## WORK INSTRUCTION
Give an exact copy of the data that follows, but none of its pictures.

## SOURCE DATA
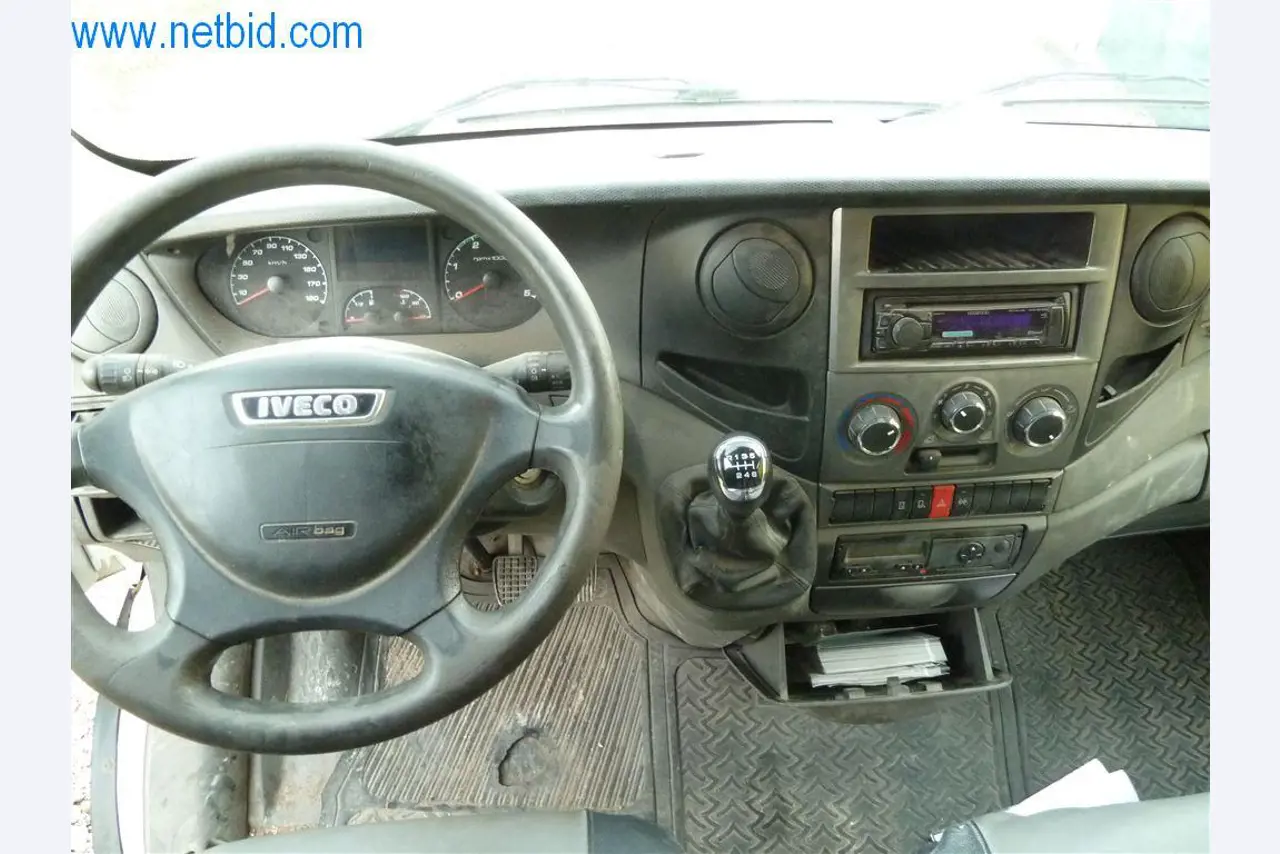 Máquinas y equipos de una empresa de construcción de carreteras-14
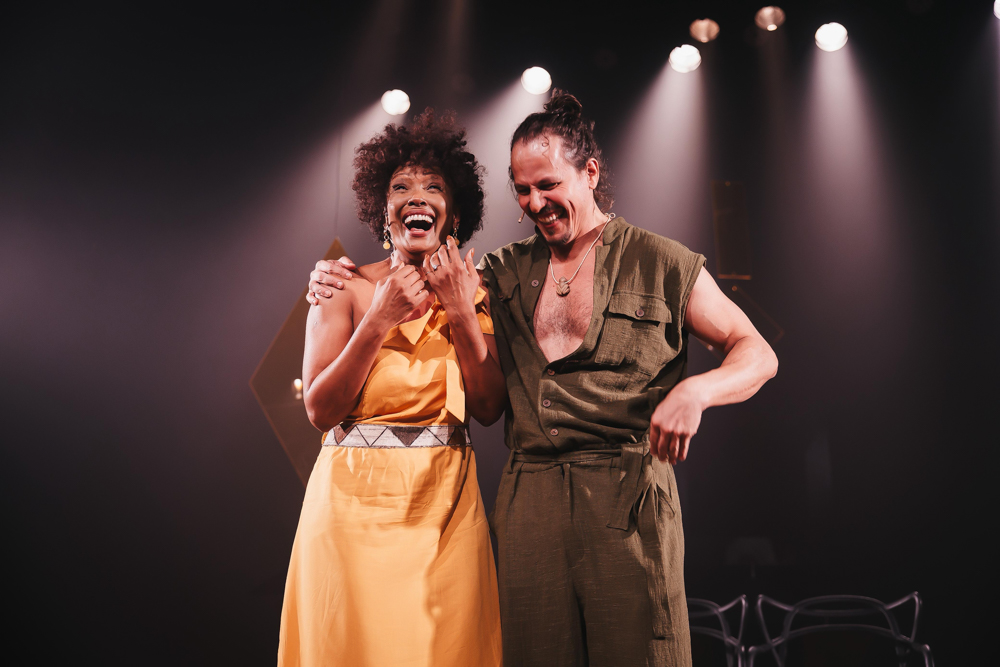 Isabel Fillardis estreia espetáculo “O Começo do Fim” no Rio e é surpreendida com pedido de casamento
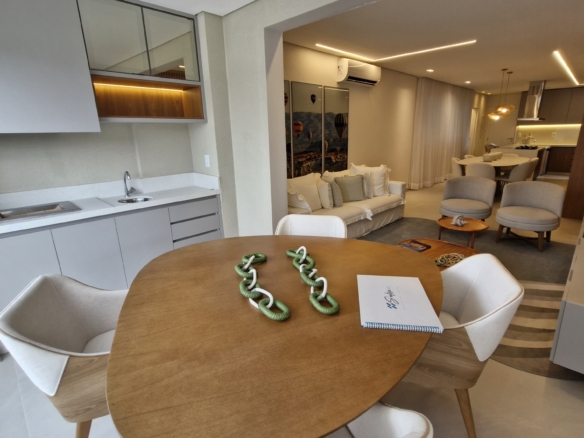 Apartamentos e Duplex à Beira-Mar a venda | Caraguatatuba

## EXERCISE RESULT
 Máquinas y equipos de una empresa de construcción de carreteras-14
 Isabel Fillardis estreia espetáculo “O Começo do Fim” no Rio e é surpreendida com pedido de casamento
 Apartamentos e Duplex à Beira-Mar a venda | Caraguatatuba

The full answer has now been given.